19 September 2015

Ancient Church Orders

Ancient church orders are an often overlooked genre of Christian literature that circulated from the first through the fifth centuries CE.  They were part catechism, part disciplinary manual, part liturgy, part instruction for church polity, part moral prescriptions and proscriptions.  Some of these works cover all those subjects, some only two or even one.  Most of them, but not all, expound on the “Two Ways”, of Light/Life and of Darkness/Death.  With one exception of those expounded upon below, they claim to have been written by the apostles themselves collectively.

Although none of these, with two exceptions, are on record as having been adopted officially, separately and collectively they did influence later canon law, and they sometimes accurately reflect practices and mindset at the time, and so provide excellent insight into the Early Church.

Several of these if translated into English have more or less the exact same title, and scholars use different versions, sometimes even in different languages, of their title so as to distinguish between unique documents.  They all claim to be relating the teaching of the apostles handed down from the originals, though the early ones do not mention names.

De doctrina Apostolorum

Undoubtedly of Jewish origin, this little known work survives in just two historical manuscripts, and then only in Latin, though these were probably translated from a Greek original.  As for the provenance of that Greek original, probably Syria, or maybe Palestine, or Transjordan.  This catechetical manual is possibly as old as second or first century BCE, but in the form in which we now have it dates from the first century CE. 
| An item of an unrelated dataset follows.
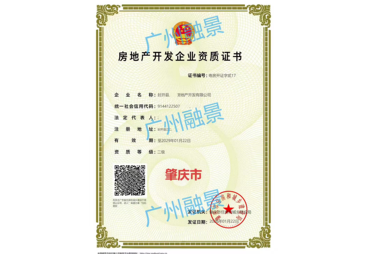 肇庆市合作案例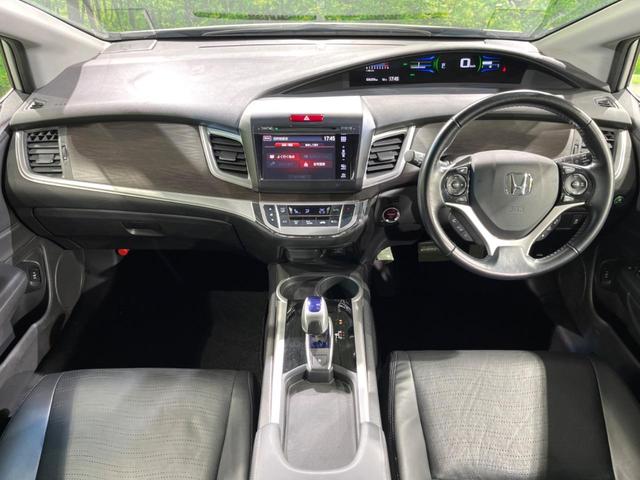 ジェイド ハイブリッドX 純正8インチナビ バックカメラ 衝突被害軽減システム レーダークルーズ 禁煙車 レザーシート ドラレコ コーナーセンサー スマートキー ビルトインETC 車線逸脱警報 オートライト オートエアコン(2枚目)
The only item which makes what we have a Christian work is a doxology appended onto the end, reading, “For the Lord Jesus Christ, who reigns and is Lord with God the Father and the Holy Spirit forever and ever. Amen.”  This doxology, of course, may date in the third or fourth century CE or later, given that Trinitarian doctrine was not official and not expressed in that form until that time.

Though its circulation was likely quite small, it is nonetheless important as it provided the foundation for the later Didache, and was thereby reproduced and reworked in several subsequent documents.


This late first century CE work was almost certainly written by Jewish Christians.  Its full title is The Teaching of the Lord through the Twelve Apostles to the Gentiles.  Since some ancient churches and authorities considered the Didache canonical, it can be legitimately called deuteroncanonical.  It is without a doubt among the Apostolic Fathers, and was one of the most influential of these, setting a pattern for all the church orders that followed.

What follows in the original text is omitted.